Dari sistem kerja itulah kemudian terjalin kemanunggalan abadi. Maka kalau ada anggapan bahwa Allah itu ghaib bagi manusia, sesuatu yang jauh dari manusia, pandangan itu keliru dan sesat. Pengetahuan yang tidak dapat dijangkau oleh Akal, masih mampu dijangkau oleh Hati. Hati yang suci bersih mengeluarkan cahaya-nya yang dinamakan NUR KALBU. 

Nur Kalbu menerangi akal, dengan cahaya Nur Kalbu ini, akal dapat menyambung kembali perjalanannya dari ‘stasiun satu ke stasiun berikutnya’. Perjalanan akal yang diterangi oleh cahaya Nur Kalbu mampu menyingkap perkara-perkara yang gaib, dan kemudian beriman daripada-nya walaupun biasa-nya akal manusia umum me-nafikan-nya. 

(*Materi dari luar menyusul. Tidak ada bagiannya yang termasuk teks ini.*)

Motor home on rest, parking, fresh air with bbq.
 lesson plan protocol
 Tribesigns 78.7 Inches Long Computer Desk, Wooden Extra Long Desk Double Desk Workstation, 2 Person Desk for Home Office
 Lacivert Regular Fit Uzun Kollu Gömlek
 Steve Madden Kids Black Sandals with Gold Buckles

Terdapat perbedaan yang mendasar antara akal biasa dengan akal yang diterangi oleh Nur.  Akal Biasa beriman kepada Allah s.w.t hanya berdasarkan dalil-dalil yang nyata dan logika saja, sedangkan akal yang beserta Nur mampu menyelami kedalaman atau kebalikan dari yang nyata yaitu perkara gaib, dan beriman kepada Allah s.w.t berdasarkan pengalaman tentang perkara-perkara gaib. 

Walaupun perkara gaib itu tidak dapat diterima oleh akal biasa, tetapi akal yang telah mendapatkan pancaran Nur ini tidak sedikit pun ragu-ragu terhadapnya. Pengetahuan yang keluar dari pancaran atau pergerakan Nur ini dinamakan ilmu Hakekat, ilmu Makrifat, ilmu Rabbani, ilmu… ilmu…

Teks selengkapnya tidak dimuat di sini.